Atherosclerosis is increased in apoe^−/− mice after only a brief increase in plasma SAA. Mice were injected with ad-SAA, ad-Null, or saline and fed normal rodent chow for 16 weeks. Atherosclerosis was measured at three sites: the aortic intimal surface (A), the brachiocephalic artery (B), and the aortic sinus (C). Atherosclerosis data presented as mean ± SEM; n = 3–20/ group analyzed by one-way ANOVA. D: An atherosclerotic lesion in an aortic root from an ad-SAA-injected apoe^−/− mouse was double stained for apoB (green) and biglycan (red). Colocalization is indicated by yellow. Shown is a confocal image magnified 63×, representative of four mice. The asterisk indicates the lumen of the aortic sinus. Scale bar indicates 10 mm.

Fig. 5.

Atherosclerosis was increased after sustained elevation of human SAA in rag1^−/− × apoe^−/− mice.
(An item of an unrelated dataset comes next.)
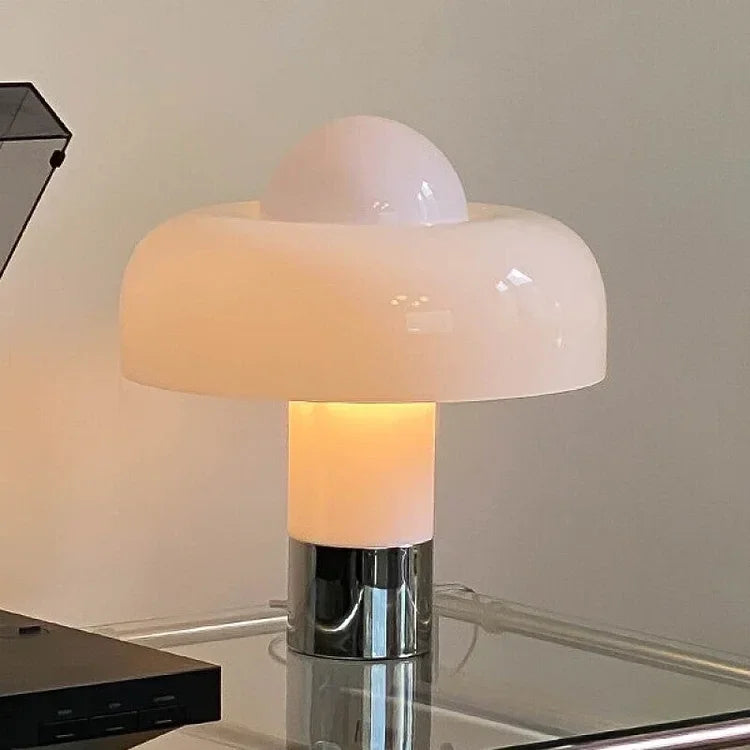Drefirra Table Lamp - Glass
Mice were injected with ad-SAA (black circles), ad-Null (open squares), or saline (black triangles) every 21 days and fed normal rodent chow for 12 weeks. A: Mice receiving ad-SAA had a significant, persistent elevation of human SAA. B: Murine SAA did not increase nor did it differ between groups throughout the study. C: TGF-β was increased only in mice injected with ad-SAA and remained elevated throughout the study. Shown are means ± SEM from n = 2–6 mice/group per time point. Ad-SAA-injected mice had increased atherosclerosis on the aortic intimal surface (D) and in the brachiocephalic artery (E). There was a trend toward increased atherosclerosis in the aortic root that did not reach significance (F). Data are presented as mean ± SEM; n = 4–16/group analyzed by one-way ANOVA.